The Transporter, 2002
Script/Story: 6
Acting/Casting: 5
Action: 8
Combat Realism: 4
Humor: 5
Horror: NA
Eye Candy: 6
Fun Factor: 6
Replayability: 6
Overall: 6.5

It's not really good, but it's far from bad, and it's fun if you keep the right frame of mind. The main character is "the transporter," just like the title. He's an ex special forces (from no particular country) living on the ocean in Monaco, and for fun and profit he transports things. Anything, no questions asked, no exceptions made. He has three rules. 1) Never change the deal. 2) No names. 3) Never open the package.

The film opens with him picking up four armed men in masks, while alarms sound and police cars approach. He's fine with the situation; what he doesn't like is that the deal was changed. He contracted to take 3 men weighing no more than 250 kilos. Shouting ensues, the robbers threaten the Transporter's life, but the car won't start without the ignition code and finally the head robber blows away one of the three in the backseat, they dump the body, and they're off on wild chase through the picturesque streets of some unnamed European city.

The next package is when things get interesting, since a flat tire leads to the discovery that the package is human sized and squirming, and from there complications ensue, and the plot thickens greatly, with the Transporter becoming a target for a small army of killers. There are driving stunts galore, there are faux martial arts fight scenes galore, there are shoot outs, and so on.

What elevates this film above most cheesy action fests is the inventiveness of it. There are half a dozen long fight and stunt scenes, and almost all of them had at least a few things I'd never before seen in a movie. The most clever has the Transporter cornered by a dozen bad guys in an old garage. He's vastly outnumbered, but his shirt is off, and when one guy falls over a tub of old oil, the Transporter dumps out another one all over himself, coating the floor and his body with the slippery stuff. He then steps onto a bike, breaks off the pedals, and proceeds to fight with bike pedals stuck over his toes, giving him improvised metal cleats, while the bad guys are falling and slipping everywhere, and constantly grabbing at him and sliding off.
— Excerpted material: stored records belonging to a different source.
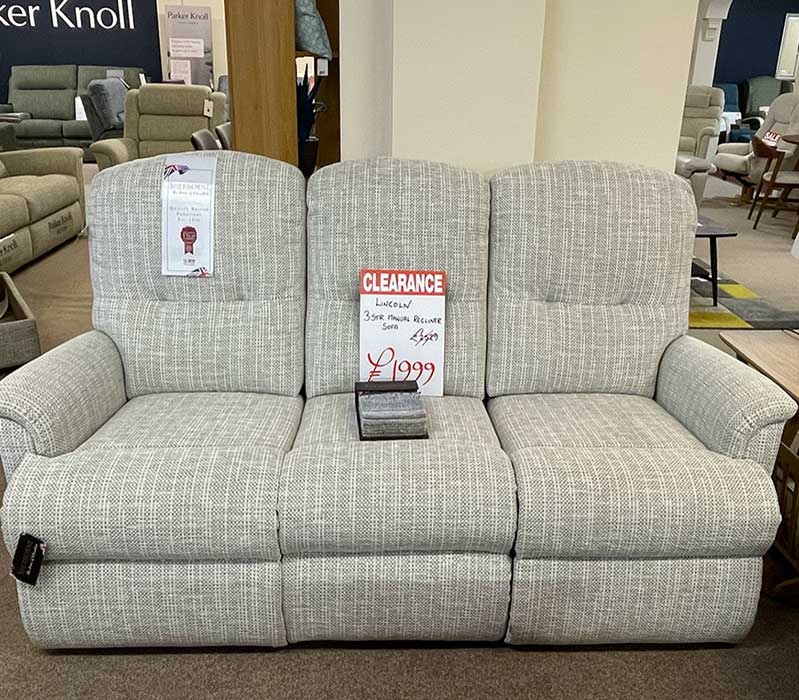 Lincoln 3-seater manual recliner sofa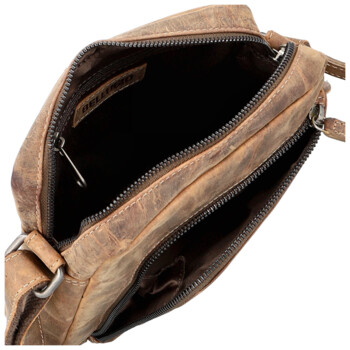 Pánska kožená crossbody taška hnedá - Bellugio Seth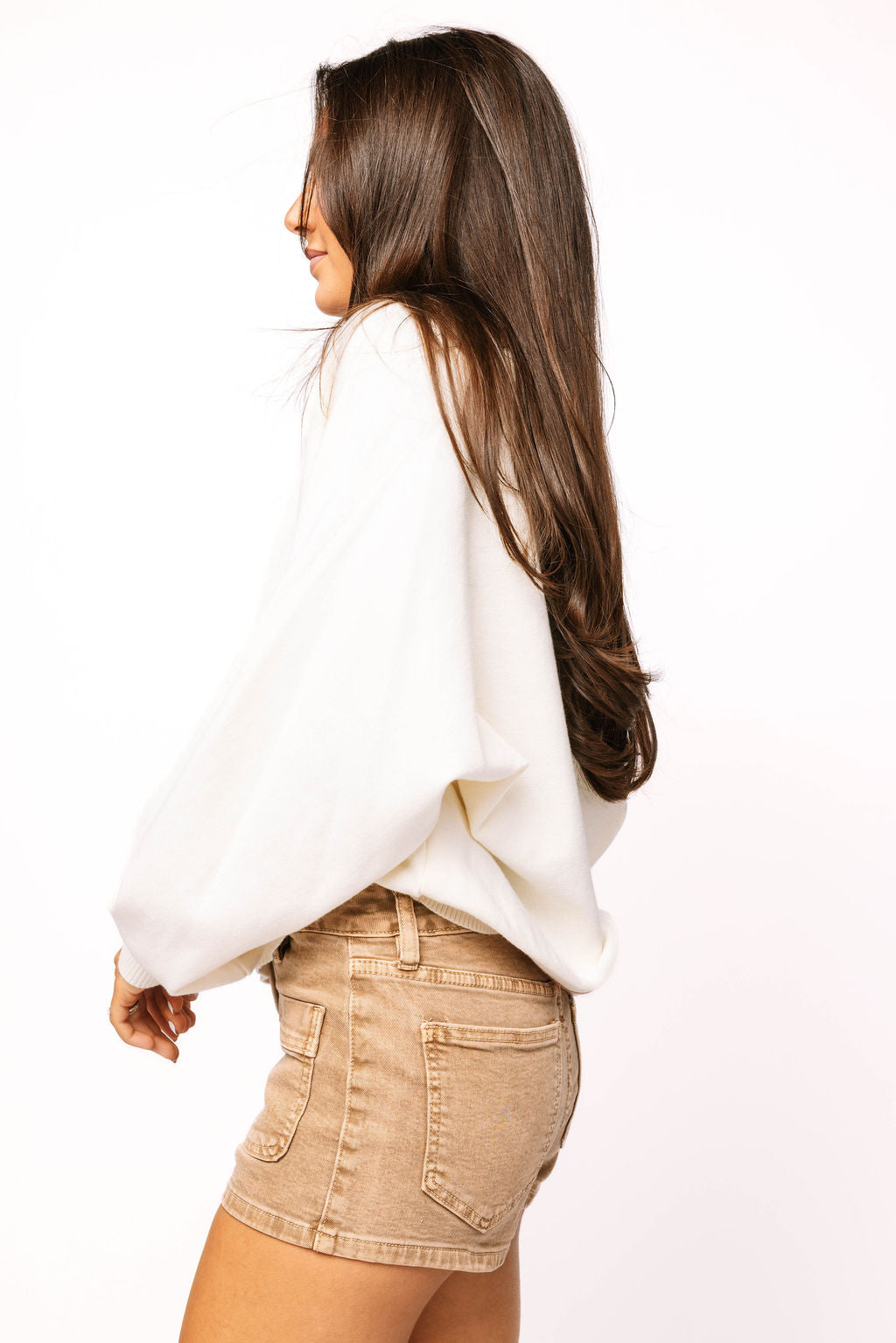 Licensed Texas V Neck Striped Cuff LS Sweater With Small Mascot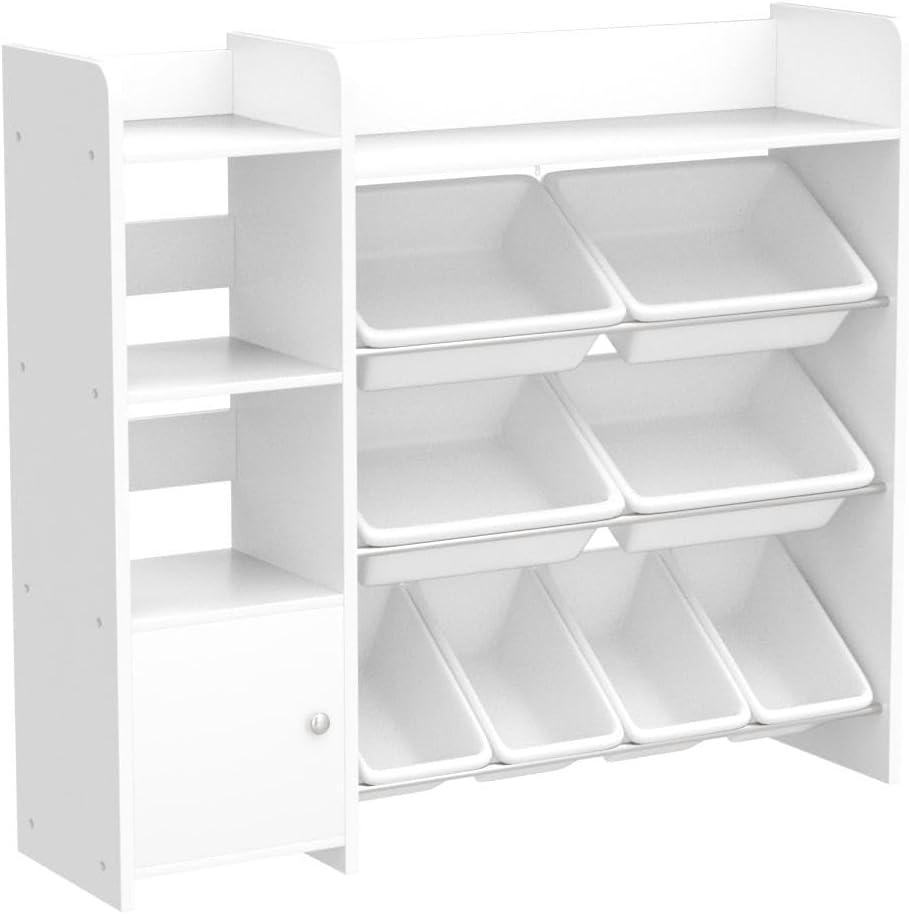 Sturdis Kids Toy Storage Organizer With Bookshelf and White Bins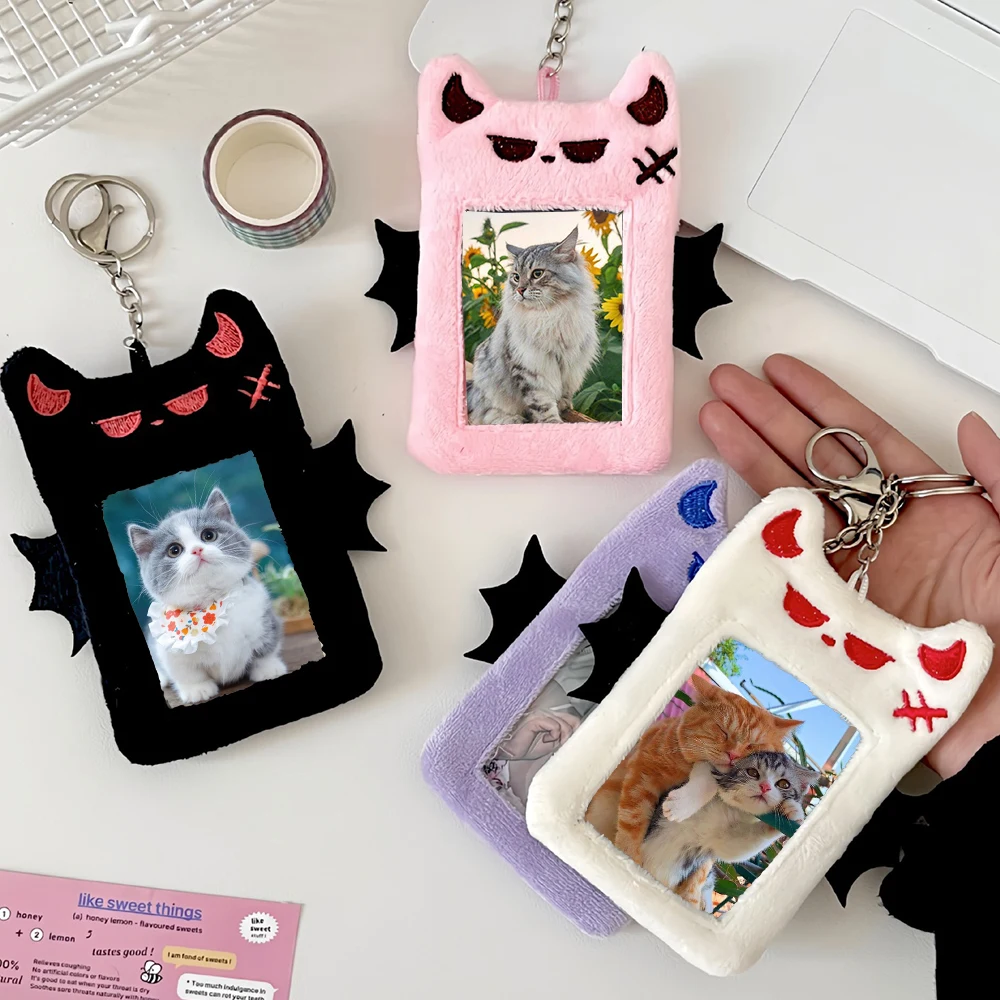 INS Cute Bat Demon Plush Photocard Holder InsIdol Photo Sleeve Protective Case Student ID Card Cover With Keychain Pendant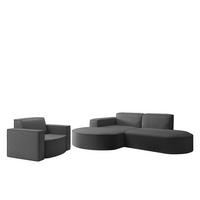 SOFASET Palma Ecksofa Sessel Ascot - Graphitfarben, Holzwerkstoff/Textil (236/78/165cm) - Fun Möbel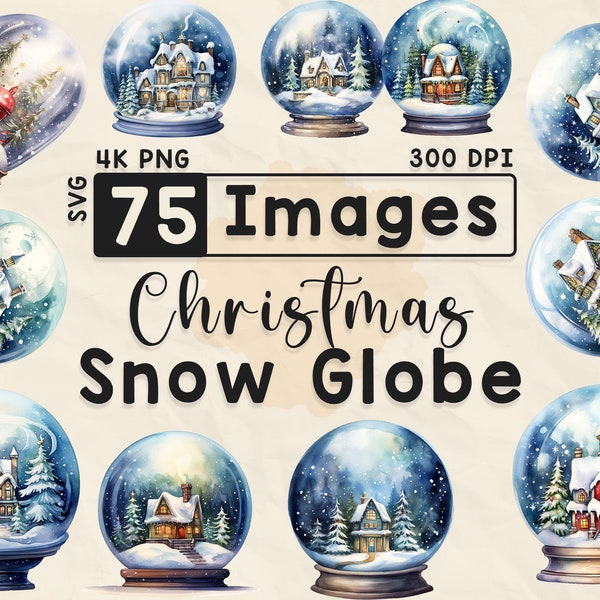 Christmas Snow Globe Clipart, Watercolor Clipart, Christmas PNG, Christmas Spirit, Scrapbook, Paper Crafts, 4K PNG, Xmas Bundle, Digital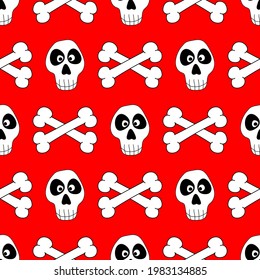 Seamless pattern with funny skull and crossbones. Stylish print. Vector illustration.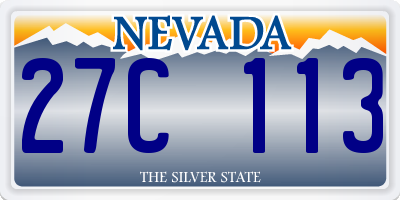 NV license plate 27C113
In another scene he fights half a dozen guys on a public bus, using the seats for leverage and cover, the overhead bars to swing from or hang his legs over and fight upside down, the side rails to swing around and kick, and so on. There are improvised weapons (he battles several times with his own clothing as a tool), there are leg locks and submission holds to incapacitate several bad guys at once, there are wild escapes through the floor into the ocean, and much more. It's really quite a clever movie.

There are even some good characters, from an understanding and sympathetic police detective to a quirky and self-asserting female hostage, and they mostly make up for the vast armies of one-note evil bad guys. The Transporter could have been an action classic with just a few improvements, most notably a plot that we might have gotten involved in, and a bad guy worthy of a final confrontation. The film has a great sense of humor, and it's very light and frivolous, but it's a bit too puffy overall, and the lack of any real compelling narrative or building climax keeps it from succeeding completely. It's meant to be popcorn, and it is, but it's got just enough serious elements to detract from the fun and remind you that this is the real world and things aren't always happy here. I'd usually approve of that, but with the rest of the plot so completely divorced from reality, it's jarring, rather than fortifying.

 

 

September 12, 2005

The Transporter DVD had no deleted scenes. It did however offer three extended length fight sequences. That's what the box said anyway. We watched them Sunday evening though, and as far as Malaya or I could tell they were 99% identical to the scenes in the film. Minus most of the sound effects, some of the snappy editing, and with lots of black frames with text like, "insert reaction of man in basement hearing gunshot" on them. Worthless to watch, in other words, though to be fair we did not do them with the commentary on, and perhaps that would have greatly elevated them. Or perhaps not. Honestly, you can skip all three of those entirely. Just FF to the fight scenes as they are in the actual film, if you want to see more simulated ass kicking.